La mère insiste en pleurant : le petit Jacques pleure aussi. Les magistrats hésitent. Me Rollet intervient :

— Le Tribunal pourrait essayer de la liberté surveillée…

— Oui, dit le président. C’est bien le cas. Ecoutez-moi, madame, et toi aussi, petit. Le tribunal va donner la garde au Patronage de l’enfance, et le Patronage, madame, vous rendra votre garçon. Il sera libre, il ’aura pas une liberté complète. Un inspecteur le visitera régulièrement, vérifiera s’il travaille, s’il se conduit bien, et fera son rapport à Me Rollet. Alors, de deux choses l’une : ou le rapport sera satisfaisant, et, après quelque temps, la surveillance cessera : l’enfant sera définitivement libre ; ou le rapport sera défavorable, et l’enfant sera repris par le patronage. Ainsi, vous comprenez, madame : nous avons confiance en vous et en ce garçon. Nous faisons un essai. Il dépend de vous et de lui que l’essai réussisse… C’est bien entendu ?

— Oh ! soyez tranquilles, messieurs, et je vous remercie. Bien sûr qu’il sera sage et que j’y veillerai…

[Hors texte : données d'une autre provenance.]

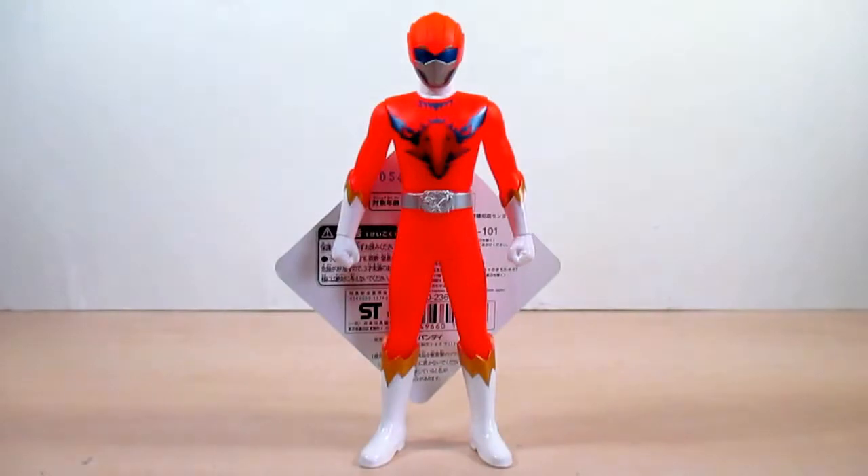Hello YouTube, Eugene here with a review on the Doubutsu Sentai Zyuohger Sentai Hero Series 09 Zyuoh Bird. Zyuoh Bird made his debut at the end of episode 37 of Zyuohger. He is the 7th Zyuohger, also known as Bud the Birdman Zyumen. Thanks to the Zyuoh Changer Final, Bud can transform into Zyuoh Bird. This is the last final figure to be released of the Zyuohger toy line.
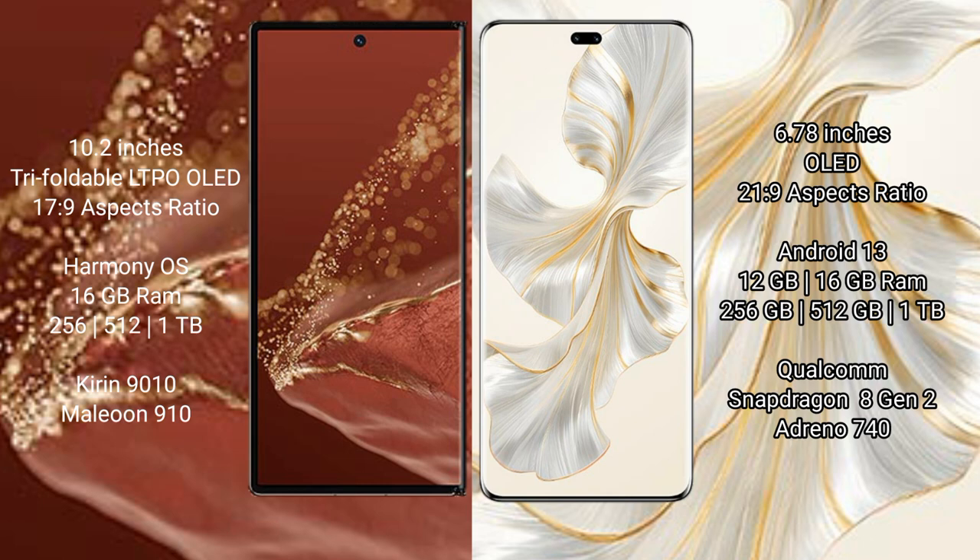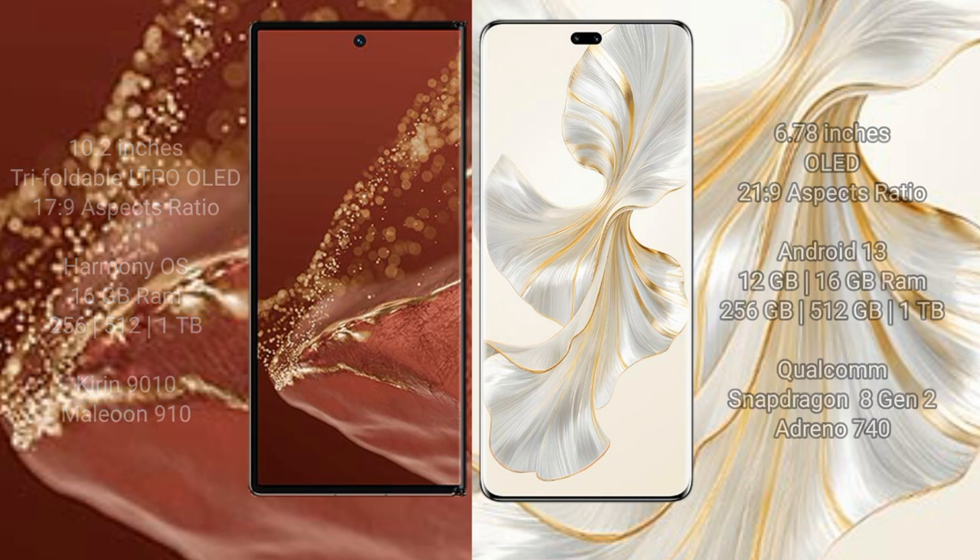The Honor 100 Pro comes with 12GB or 16GB RAM and 256GB, 512GB, or 1TB internal storage, powered by a Qualcomm Snapdragon 8 Gen 2 processor with the Adreno 740 GPU.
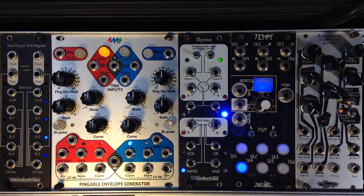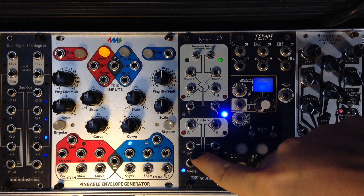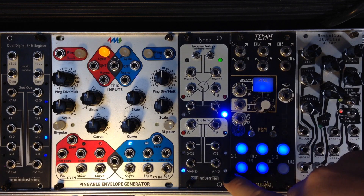This is Illyana. Illyana is a two-channel Boolean logic module in 8HP by OMI Industries. One channel features two gate inputs, A and B, and four simultaneous logic outputs: XOR, OR, NAND, and AND.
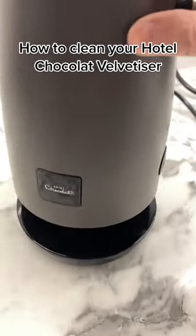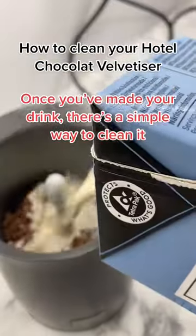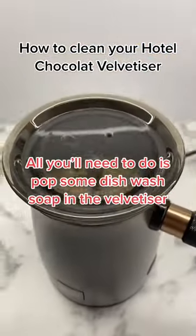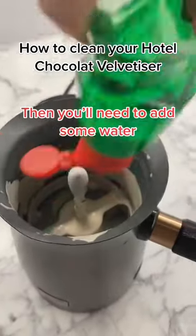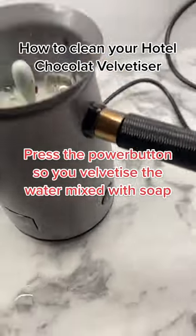How to clean your Hotel Chocolat Velvetizer. Once you've made your drink, there's a simple way to clean it. All you'll need to do is pop some dish wash soap in the Velvetizer, then add some water. Press the power button so you velvetize the water mixed with soap.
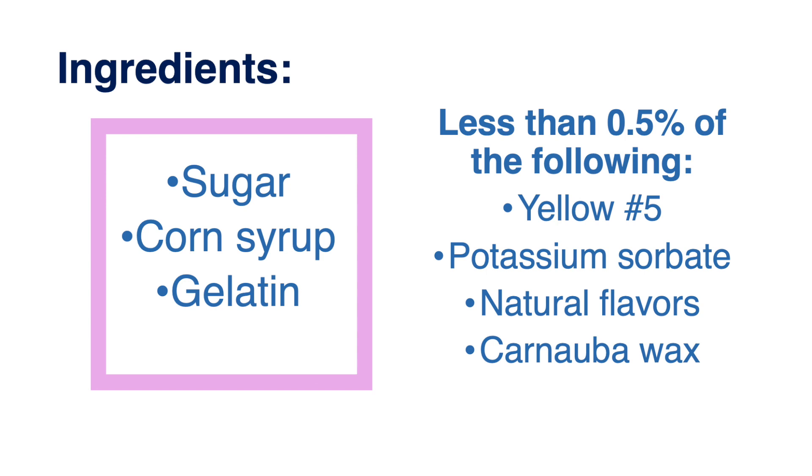Carnauba wax is not found within the actual marshmallow — it's just used to dot on the two eyes of the baby chick or the bunnies, whatever shape you get. If we go back to the first three main ingredients, corn syrup, sugar, and gelatin, these make up the bulk of the marshmallow. To make this marshmallow, you first need to dissolve gelatin into hot or warm water.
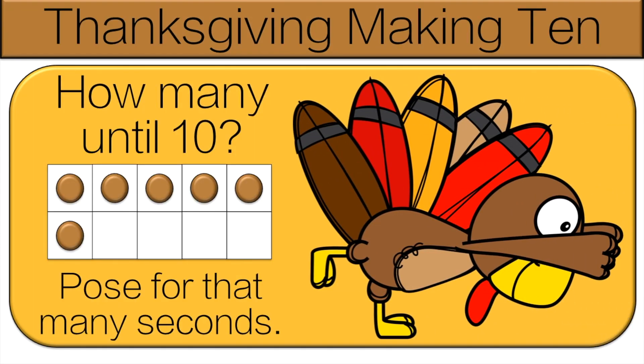So if you have a look at the 10 frame, you can see the dots in there. We're trying to figure out how many until 10. How many more dots do you need for there to be 10 total? Try and find the answer, and then we'll go over it together. So to make 10, we need to fill up the 10 frame. Let's count together: one, two, three, four. So do the pose for four seconds.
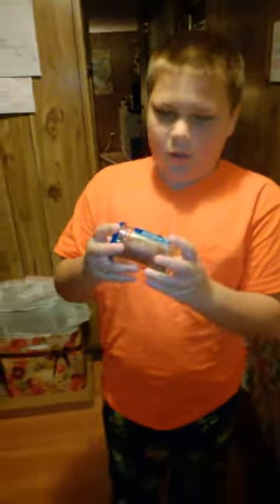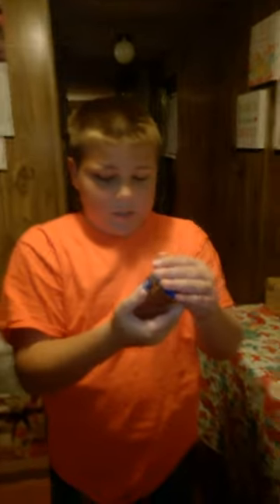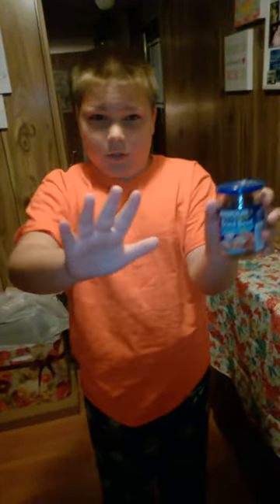Hello everybody, it's WildcatsHD here, and this is Armored Grounded Formed Sliced Dried Beef, 95% Fat Free, as you can see here. I tried some yesterday and it tasted absolutely horrendous — it has too much salt in it.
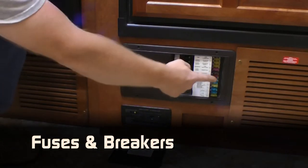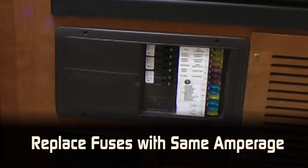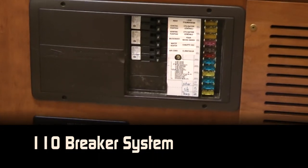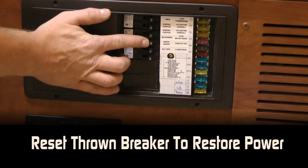Your power center has both fuses and breakers. When replacing 12 volt fuses, be sure to always use the same amperage fuse, as improperly increasing the amperage can damage your electrical system and appliances. The 110 breaker system operates similar to the one in your home — simply reset the tripped breaker to restore power.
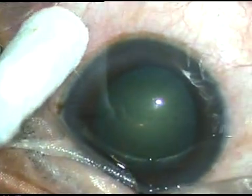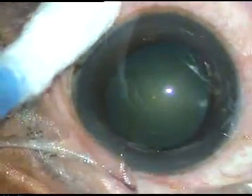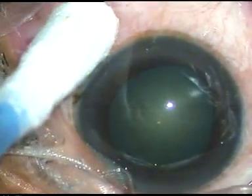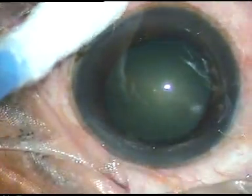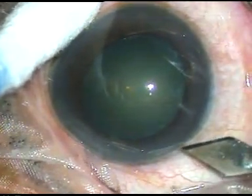Dear colleagues, this is how I fix the eyeball just with the help of a cotton-tipped instrument. The eyeball is so nicely fixed, and now this is the main incision — a 2.8mm incision.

Elle a séché ses larmes, et se retire, enchantée.

D’autres enfans se succèdent sur les bancs, et le tribunal continue d’appliquer tour à tour ces mesures si diverses… Les exemples qu’on vient de voir sont assez significatifs pour permettre de se faire, sur ce tribunal et sur la justice qu’il rend, une opinion éclairée.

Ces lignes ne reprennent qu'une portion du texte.